Adaptive Regularization via Residual Smoothing in Deep Learning Optimization

TL;DR

This paper introduces an adaptive regularization method for deep learning that uses residual-based smoothing to improve generalization, outperforming standard optimization algorithms in image classification tasks.

Contribution

The paper proposes a novel residual smoothing-based regularization algorithm that adaptively adjusts regularity using a heat equation driven diffusion process in deep learning optimization.

Findings

Outperforms common optimization algorithms in generalization

Effective in image classification benchmarks

Demonstrates improved model robustness

Abstract

We present an adaptive regularization algorithm that can be effectively applied to the optimization problem in deep learning framework. Our regularization algorithm aims to take into account the fitness of data to the current state of model in the determination of regularity to achieve better generalization. The degree of regularization at each element in the target space of the neural network architecture is determined based on the residual at each optimization iteration in an adaptive way.

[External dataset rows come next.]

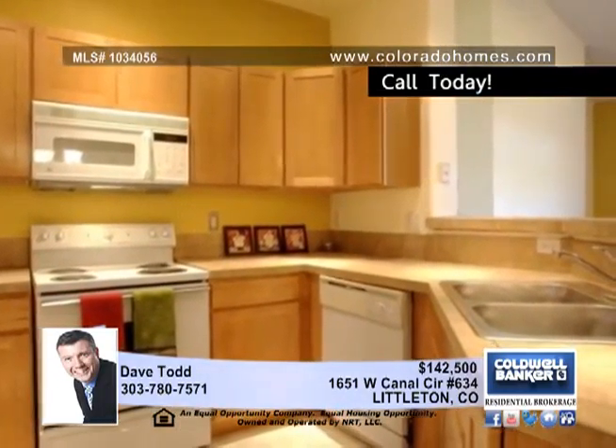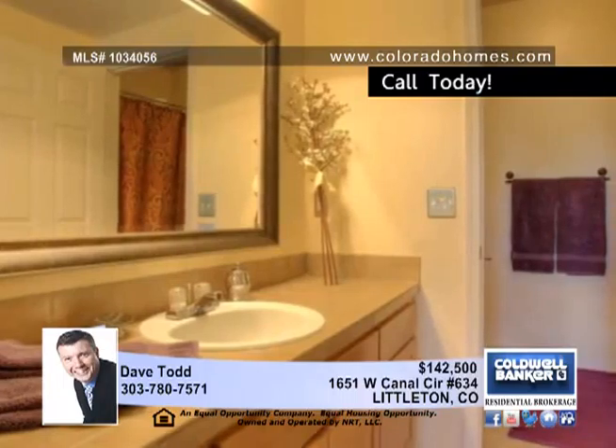The kitchen offers gorgeous maple cabinets, tile counters, and all appliances are included — even the washer and dryer.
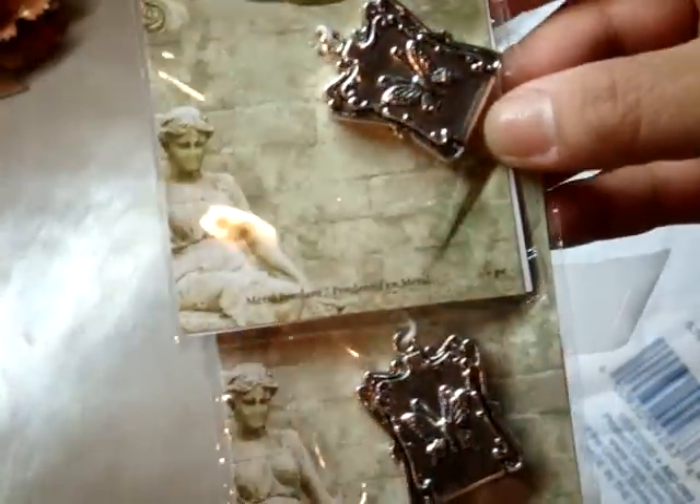She said she had picked these up at Michael's, and my Michael's does not have these charms. So thank you so much, Samantha. Here we go, guys — I love these charms.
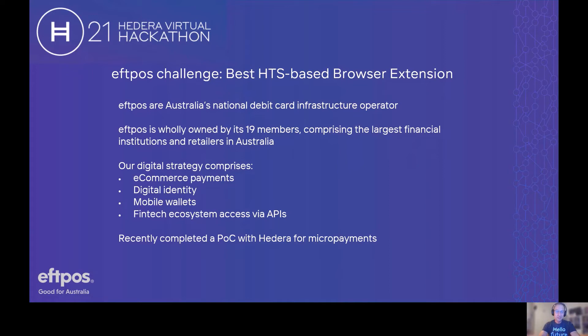We recently ran a proof of concept with Hedera on a number of micropayments use cases. We initially looked at the ability for Hedera Consensus Service to help us break down paywalls and look at payment in real time for online streaming, but we're also looking at other use cases around Internet of Things and device-to-device microtransactions. We've been delighted by both the performance and the utility of the Hedera Consensus Service. And now, as we look forward to the Hedera Token Service, we're just as interested and excited by the opportunities of tokenization in addition to the consensus layer that Hedera offers.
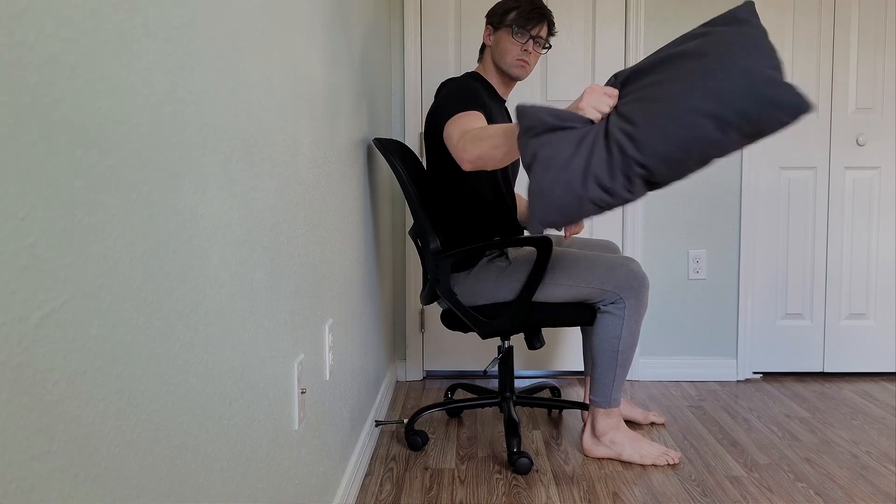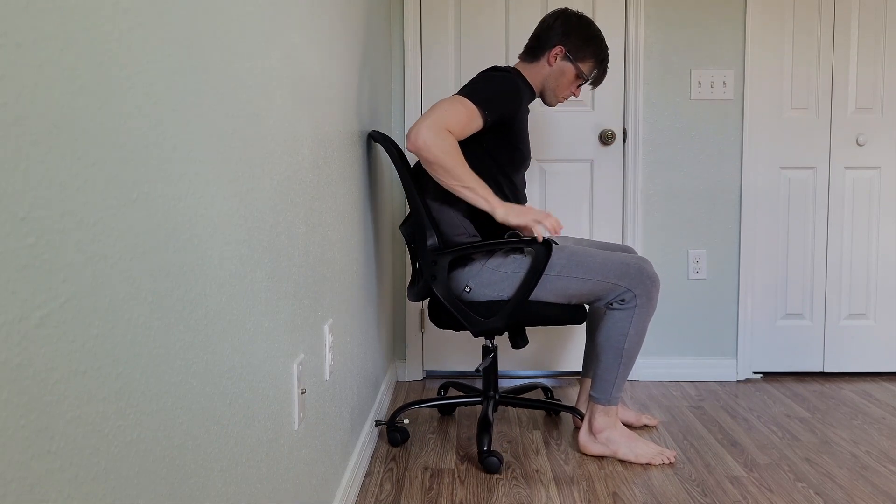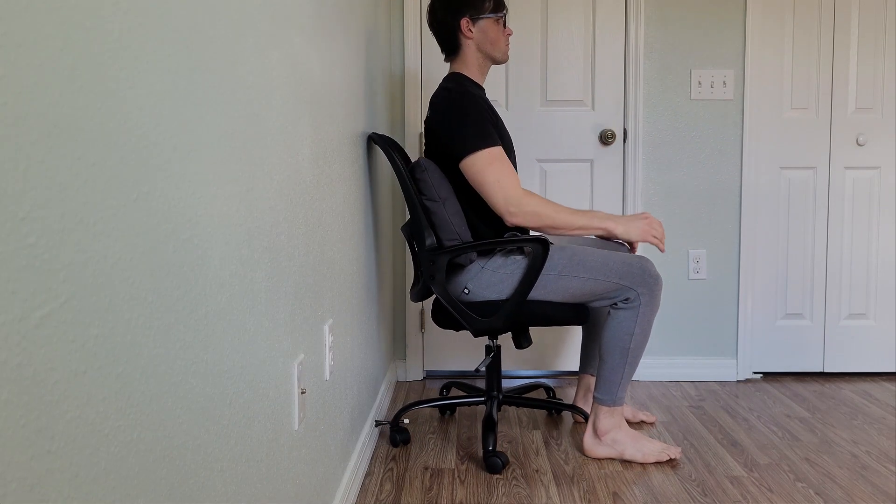Aim for a set of 10 tilts three to five times a day. Finally, tip three: ergonomic chair optimization. Your chair setup can make or break your back. Ensure that your chair supports the natural curve of your spine, with your feet flat on the floor and your knees at a 90-degree angle. Consider a lumbar roll or a small cushion for extra support in your lower back's curve.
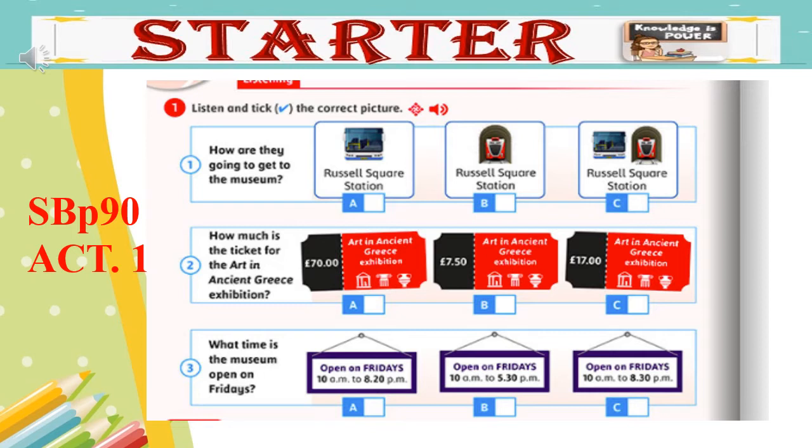However, there are two exhibitions on at the moment which aren't free to everyone. They are the Art in Ancient Greece exhibition and the Ancient Sicily exhibition. Are you under 16? Yes, I am. Okay, so they are free for you. Great, but how much is the ticket for adults? My mum is going to come with me too. Tickets for the Art in Ancient Greece exhibition cost £17. And tickets for the Ancient Sicily exhibition cost £10. Sorry? £70 for the Art in Ancient Greece exhibition? No, no, £17. Oh, okay. And one last question. What time does the museum close? We are open every day from 10 o'clock in the morning to half past five, and half past eight on Fridays. Excellent. Thank you very much for your help. You're welcome. Goodbye.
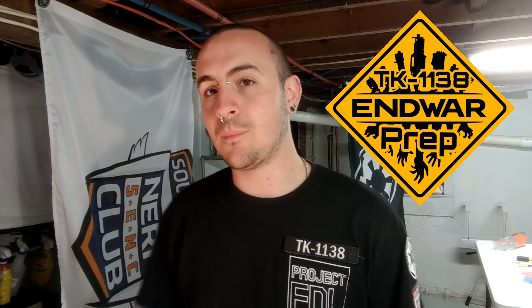Hey everybody, it's TK1138 and I am finally getting to my Endwar loadout video. I've fallen a little bit behind - I haven't put out as much Endwar-specific content this year because a whole bunch of stuff came together at one time: leaving one job, starting a new job, moving to a new city, finding and selling a house, and literally all of this happened the week before and after Endwar. So it's been crazy.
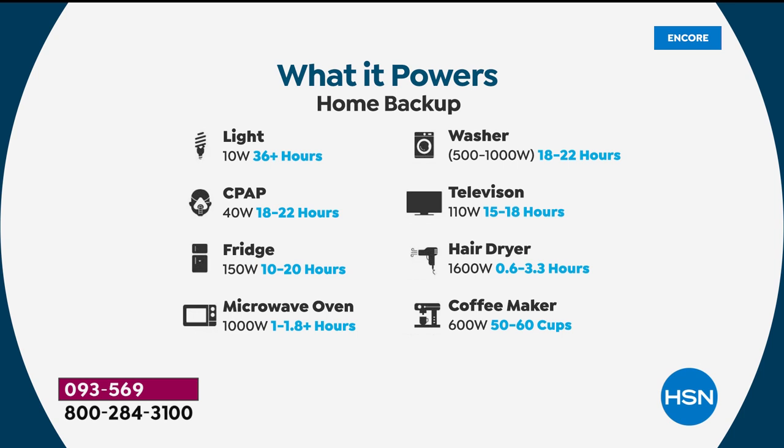A true industrial powerhouse. You see lights, CPAP machines, medical devices, microwave oven, a washing machine, a television, a hairdryer for up to three hours — you can dry your hair for three hours — a coffee maker, get 60 cups of coffee. The list goes on and on. This thing is truly a powerhouse for the 21st century, and those numbers are impressive — this is a powerful power station.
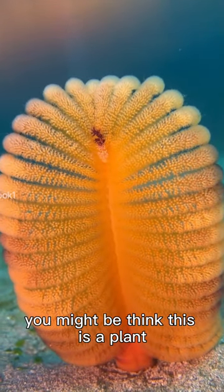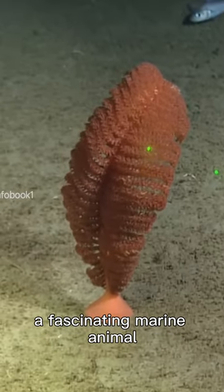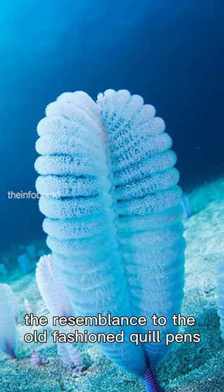When you look at this, you might think this is a plant, but it's not true. Meet the sea pen, a fascinating marine animal that anchors itself in the sediment on the ocean floor. Sea pens are named after their resemblance to old-fashioned quill pens.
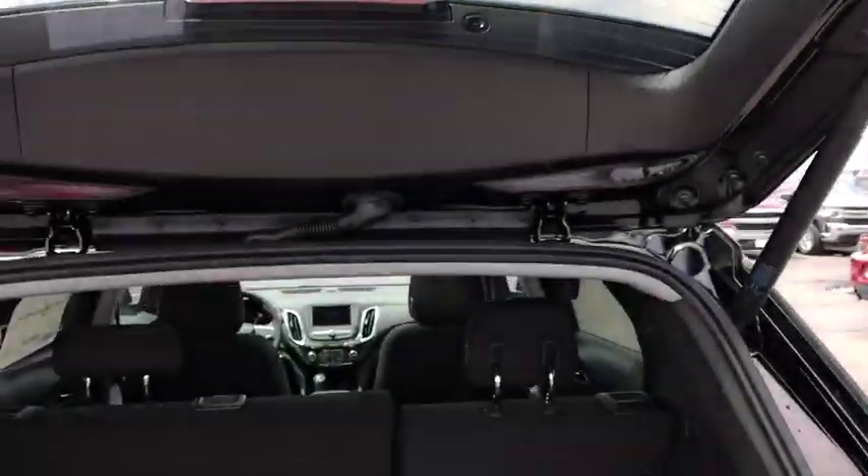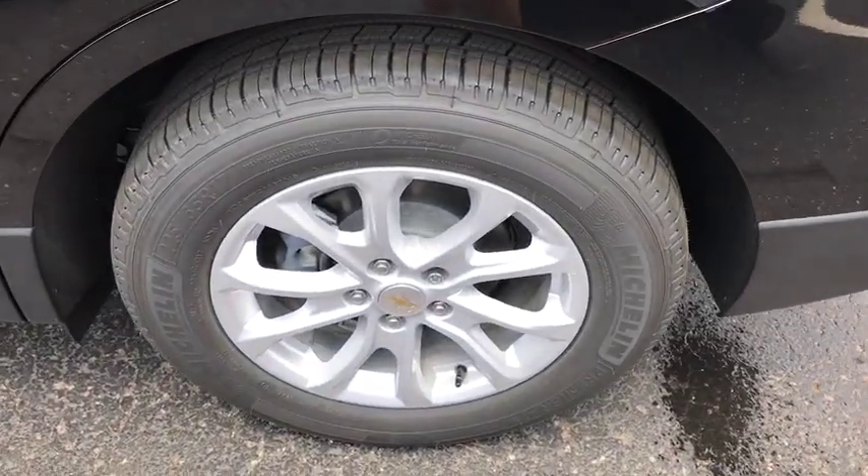If affordable style and reliability are what you're looking for, this vehicle couldn't be more perfect. Drive it today.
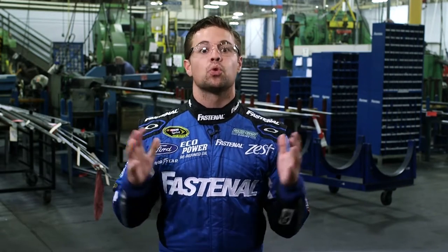Hey, I'm Ricky Stenhouse Jr., driving the number 17 Fastenal Ford. As someone who relies on quality engineered parts to keep my car on the track at 200 miles an hour, I definitely have an appreciation for manufacturing excellence. And that's exactly what I'm witnessing here at Fastenal's manufacturing facility in Winona, Minnesota, one of nine Fastenal manufacturing facilities worldwide.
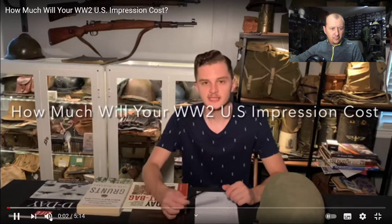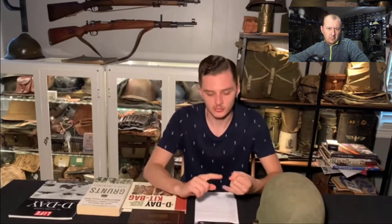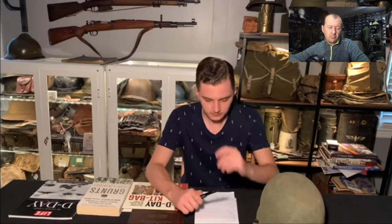Hey everybody, this is World War Guy. Today we're going to talk about the average cost for a World War II American impression. You may have seen the German one I made last month, and I had comments asking for the American impression. I will say before we get started, there's a bigger range in the overall price because this depends on whether you're going to buy originals or reproductions. Unlike German impressions, there are a lot more originals still around at actually a cheaper price than some reproductions.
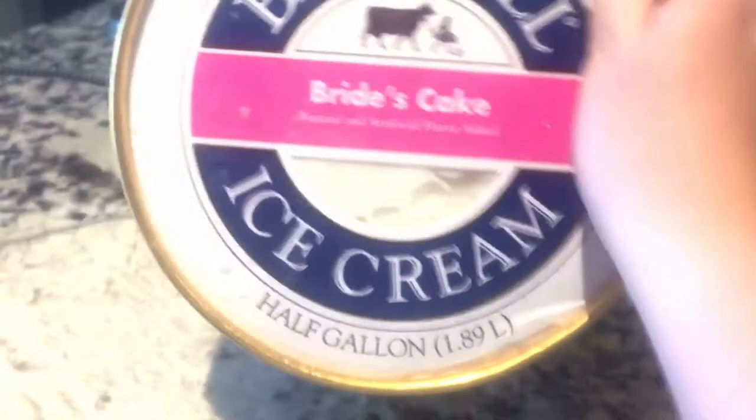Yo, it's Pops and Team 07, welcome to another video. Today I will be taste testing this new Blue Bell Ice Cream Bride's Cake. Boom, it looks kind of really good, I'm not going to lie. My mom got it for me, thanks mom.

Our adaptive regularization algorithm is designed to apply a diffusion process driven by the heat equation with spatially varying diffusivity depending on the probability density function following a certain distribution of residual. Our data-driven regularity is imposed by adaptively smoothing a simplified objective function in which the explicit regularization term is omitted in an alternating manner between the evaluation of residual and the determination of the degree of its regularity. The effectiveness of our algorithm is empirically demonstrated by the numerical experiments in the application of image classification problems, indicating that our algorithm outperforms other commonly used optimization algorithms in terms of generalization using popular deep learning models and benchmark datasets.